Source : Responsible Statecraft, Paul R. Pillar
Traduit par les lecteurs du site Les-Crises

L’accord de cessez-le-feu sur la bande de Gaza est désormais rompu, pour des raisons qui étaient prévisibles lorsque l’accord a été conclu en janvier.

Après une première phase de six semaines, l’accord prévoyait une deuxième et une troisième phase qui verraient la libération d’otages par les deux parties, le retrait de l’armée israélienne de la bande de Gaza et un plan de reconstruction. Mais ces parties de l’accord n’étaient que des ébauches ou des déclarations d’objectifs, des négociations supplémentaires étant nécessaires pour régler tous les détails.

Comme l’a souligné Responsible Statecraft lors de l’annonce de l’accord, le Premier ministre israélien Benjamin Netanyahou a de solides raisons personnelles et politiques de maintenir Israël en guerre, notamment la nécessité de maintenir une coalition avec les membres d’extrême droite de son gouvernement dont la politique à l’égard de Gaza consiste à éliminer tous les Palestiniens de la bande de Gaza.

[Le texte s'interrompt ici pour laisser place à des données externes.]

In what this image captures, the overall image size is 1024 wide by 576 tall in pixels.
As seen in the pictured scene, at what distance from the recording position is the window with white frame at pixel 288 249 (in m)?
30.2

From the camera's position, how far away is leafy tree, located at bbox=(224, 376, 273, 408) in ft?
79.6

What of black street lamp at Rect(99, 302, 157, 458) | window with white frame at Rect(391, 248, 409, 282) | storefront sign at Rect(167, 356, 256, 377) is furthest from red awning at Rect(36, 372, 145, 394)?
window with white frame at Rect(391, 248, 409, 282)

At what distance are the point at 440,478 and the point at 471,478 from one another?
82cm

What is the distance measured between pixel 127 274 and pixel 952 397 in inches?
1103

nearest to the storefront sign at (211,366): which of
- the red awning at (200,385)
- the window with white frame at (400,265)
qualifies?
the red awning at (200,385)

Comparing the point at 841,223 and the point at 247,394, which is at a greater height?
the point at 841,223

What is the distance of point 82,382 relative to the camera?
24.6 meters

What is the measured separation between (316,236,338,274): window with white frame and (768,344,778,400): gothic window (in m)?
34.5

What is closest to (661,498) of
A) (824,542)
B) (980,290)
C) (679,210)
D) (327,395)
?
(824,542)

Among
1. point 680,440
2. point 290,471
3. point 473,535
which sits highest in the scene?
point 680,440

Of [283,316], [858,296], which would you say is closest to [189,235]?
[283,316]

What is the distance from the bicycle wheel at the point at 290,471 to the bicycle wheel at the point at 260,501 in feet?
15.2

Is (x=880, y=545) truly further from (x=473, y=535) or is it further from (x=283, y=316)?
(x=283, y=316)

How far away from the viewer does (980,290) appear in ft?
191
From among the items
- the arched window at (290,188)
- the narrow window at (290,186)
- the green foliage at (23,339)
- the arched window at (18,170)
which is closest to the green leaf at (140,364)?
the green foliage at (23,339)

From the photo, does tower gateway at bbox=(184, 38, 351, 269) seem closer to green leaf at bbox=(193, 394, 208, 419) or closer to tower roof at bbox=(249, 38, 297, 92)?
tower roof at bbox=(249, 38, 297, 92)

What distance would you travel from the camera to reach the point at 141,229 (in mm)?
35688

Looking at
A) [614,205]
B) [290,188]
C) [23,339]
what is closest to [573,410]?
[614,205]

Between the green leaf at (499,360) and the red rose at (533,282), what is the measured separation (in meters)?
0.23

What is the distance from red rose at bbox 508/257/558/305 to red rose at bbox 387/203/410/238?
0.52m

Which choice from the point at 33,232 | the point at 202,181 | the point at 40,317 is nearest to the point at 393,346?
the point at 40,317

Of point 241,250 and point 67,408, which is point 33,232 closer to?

Netanyahou a donc été incité à saboter l’accord de cessez-le-feu avant que sa mise en œuvre ne débouche sur une cessation permanente des hostilités.

Israël a fréquemment violé le cessez-le-feu tout au long de la première phase en menant des attaques aériennes et terrestres qui ont fait des victimes. Le Hamas n’ayant pas mordu à l’hameçon en répondant par des hostilités à grande échelle, Netanyahou avait tenté de mettre au rebut l’ensemble des deuxième et troisième phases de l’accord et de les remplacer par quelque chose convenant mieux à Israël. Au lieu de négocier les détails de la deuxième phase, comme l’exige l’accord, Netanyahou avait proposé une formule qui incluait un cessez-le-feu de 50 jours, à l’issue duquel tous les otages israéliens devaient être libérés.

La proposition de Netanyahou ne prévoyant ni un retrait militaire israélien de Gaza ni une cessation permanente des hostilités, cette formule était manifestement vouée à l’échec pour le Hamas. Il devait renoncer à ses derniers atouts de négociation sans rien obtenir en retour. Le Hamas a qualifié la proposition de Netanyahou de « tentative flagrante de renier l’accord et d’éluder les négociations pour sa deuxième phase. »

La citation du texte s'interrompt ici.